For almost all of the current decade Nickie Quaid has been Limerick's No 1 choice goalkeeper, ensuring that the presence of a Quaid on the county team is now running into a seventh successive decade. By any circumstances, that's quite a tradition.
Twins Jim (Joe's father) and Jack (Nickie's grandfather) played on Limerick teams in the 1950s that were known as 'Mackey's greyhounds', a reference to their trainer at the time Mick Mackey.
They won a Munster Championship in 1955, having won an All-Ireland junior title in 1954. Their attachment to Limerick teams stretched into the '60s before the late Tommy Quaid, Nickie's father and son of Jack, took over as goalkeeper in 1976 and was a regular feature in the position until 1993 (including the 1980 All-Ireland final defeat to Galway) when his first cousin Joe replaced him and tied down the goalkeeping position until 2001.

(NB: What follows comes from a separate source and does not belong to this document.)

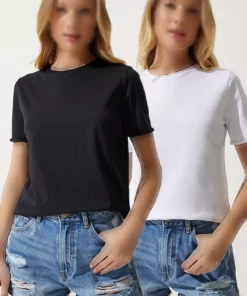 تیشرت پایه بافت زنانه بسته ۲ عددی یقه گرد مشکی و سفید UB00238 برند Happiness İstanbul - 803587292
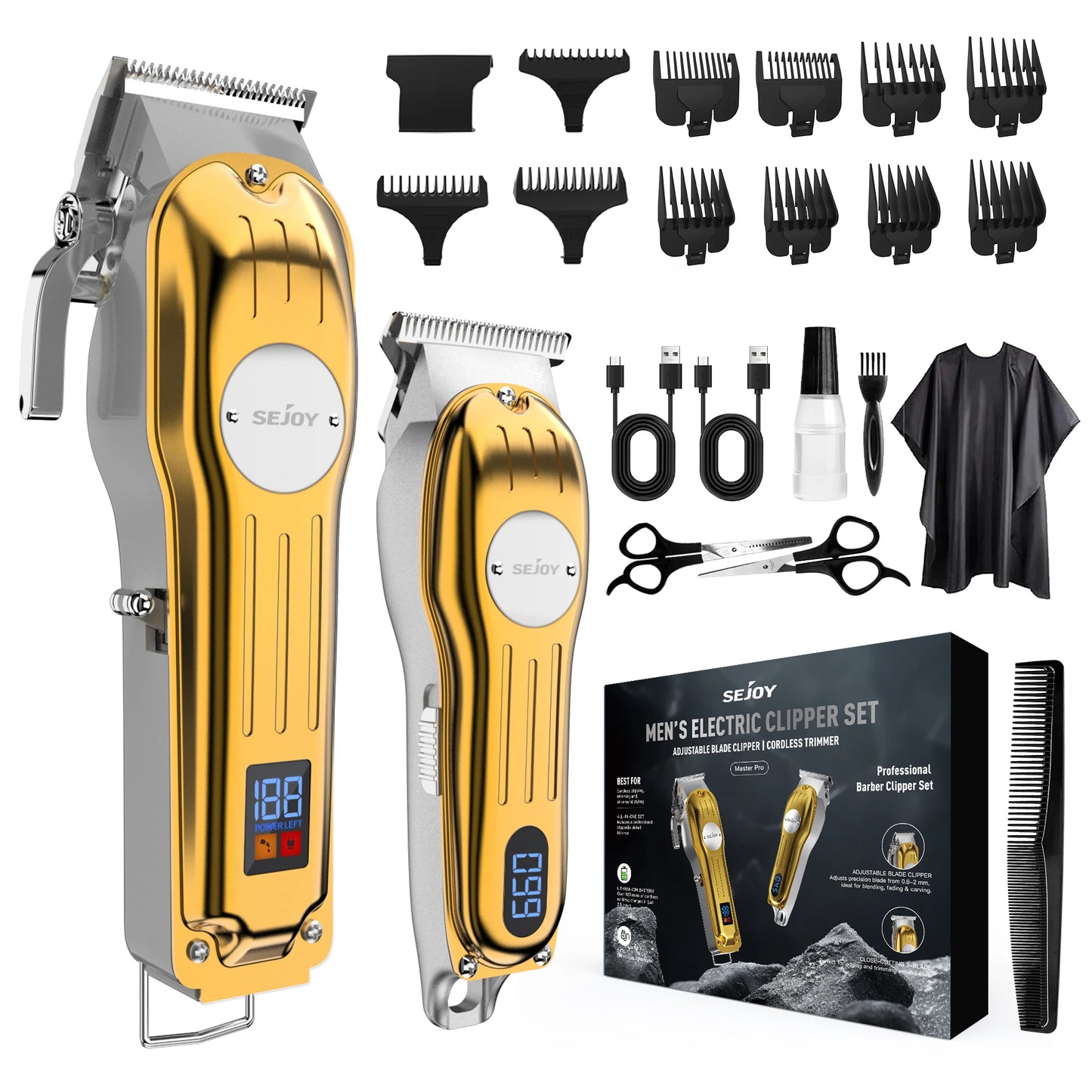 Sejoy Rechargeable Hair Clipper Combo, Professional Electric Hair Trimmer, Cordless Haircut Machine Kits for Barber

A talented outfield player, Tommy Quaid died tragically in 1998 as a result a work accident in Charleville, passing away on the same day as Limerick were involved in an All-Ireland intermediate final against Kilkenny. Tommy had been a selector with the team that year and sons Nickie and Tommy were mascots for the final. It was poignant and reflected the deep-seated involvement the Quaids have had in Limerick.
Kiely's own career, as both player and management team member, was intertwined with the family at different levels.
"I would have come across Tommy senior when he was playing with Effin and I was with Galbally. We were junior 'B' and I would have been marking him. He was their free taker, I was our free-taker so we had a lot of great battles.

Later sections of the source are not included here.